Synchronize with batch size

View: New views
4 Messages — Rating Filter:   Alert me  

Synchronize with batch size

by Allan Frank-2 :: Rate this Message:

Reply to Author | View Threaded | Show Only this Message

Hi

Let me first say great work on the jets3t package; loads of
functionality that allows me to use S3 without much work.

I wanted to discuss/ask something with the synchronize program that I
discovered while using it to backup my files to S3. I have 10000+ files
that needs to be synchronized to S3, so I setup synchronize to do this
to a bucket in S3. When run, it starts to first crypt all 10000+ files
(which takes ages and same amount of diskspace) - this is already listed
in the documentation, so no surprise there, but I wanted to see if the
situation could be improved. I looked in the sourcecode and modified
synchronize to upload the files in batches of n files. This solves the
waiting issue - files are uploaded as soon as n files are crypted, but
not the diskspace problem as the JVMs option of deleting the temporary
file on JVM exit is used. I have looked for a way to clean up the files
after uploading, but the temporary file is hard to get at because of all
the nested stream objects.

I have included my patch here - it uses a property to allow the user to
specify the upload batch size. I realize that the problem is smaller on
the initial upload as all files need to be uploaded, but I think running
synchronize on large amount of files is something to optimize for - what
do you say?

Also, I'd like to have some pointers towards how cleaning the temporary
files could be done - my only idea is to save the temporary file name in
the s3object and then deleting that file in a cleanup() method.

Again, thanks for the good work,

/Allan



---------------------------------------------------------------------
To unsubscribe, e-mail: dev-unsubscribe@...
For additional commands, e-mail: dev-help@...


Re: Synchronize with batch size

by James Murty-3 :: Rate this Message:

Reply to Author | View Threaded | Show Only this Message

Hi Allan,

Thanks for your recommendations, and in particular the patch you provided.

I have just committed changes to Synchronize based on your patch, such that file uploads that involve data transformation (ie. compression or encryption) are batched.

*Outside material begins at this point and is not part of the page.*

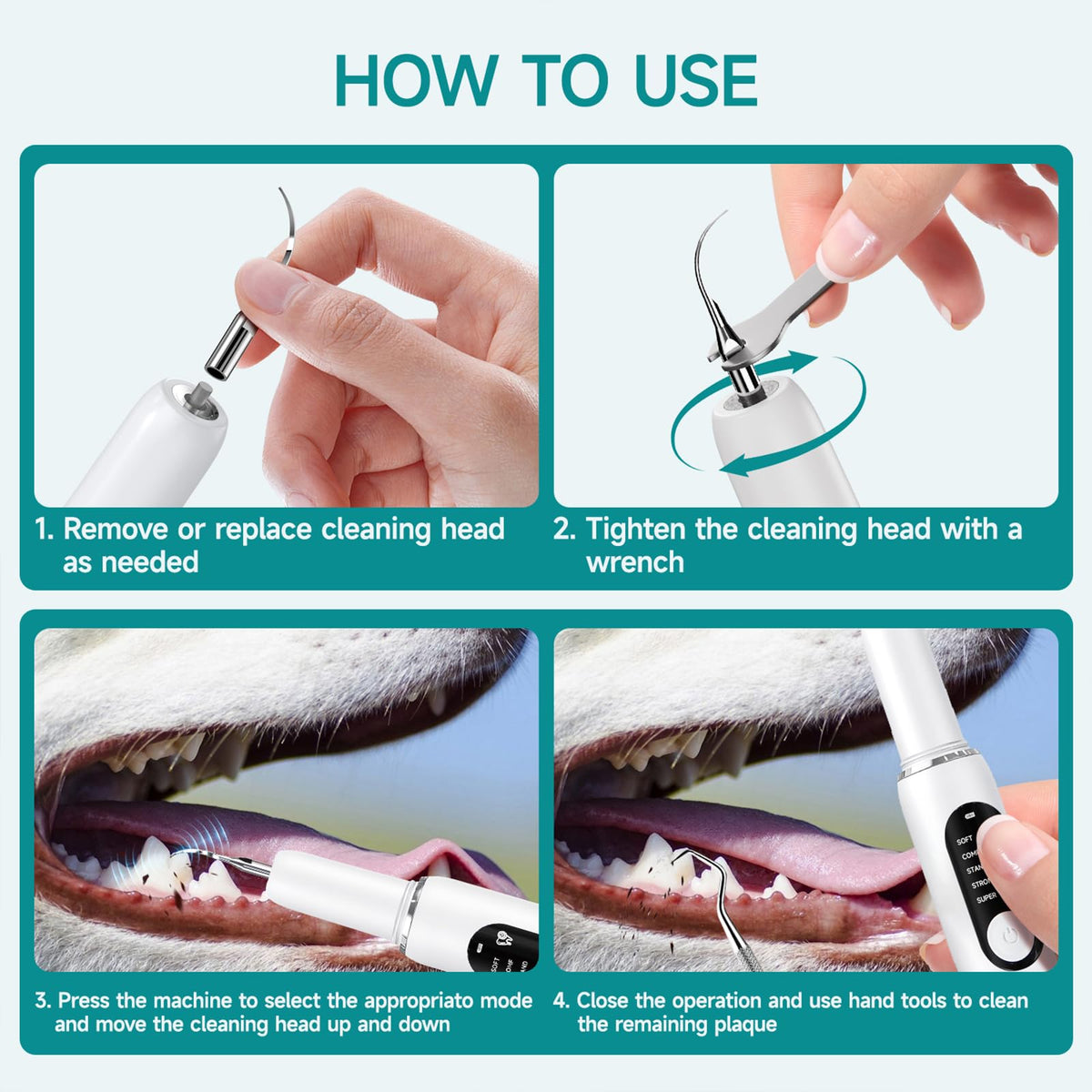 Dog Plaque Remover with LED Light Electric Toothbrush Q649802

This means that the transformation action and upload task will be performed in batches, with the size of the batches set by 'upload.transformed-files-batch-size' in synchronize.properties.

I have also fixed the problem where temporary files hang around until the whole Synchronize process is finished. They should now be deleted immediately after being uploaded. There wasn't really a nice way to do this because Java's temporary files aren't identified as such after creation, so I had to create a TempFile placeholder class to recognize when it is safe to delete the uploaded file.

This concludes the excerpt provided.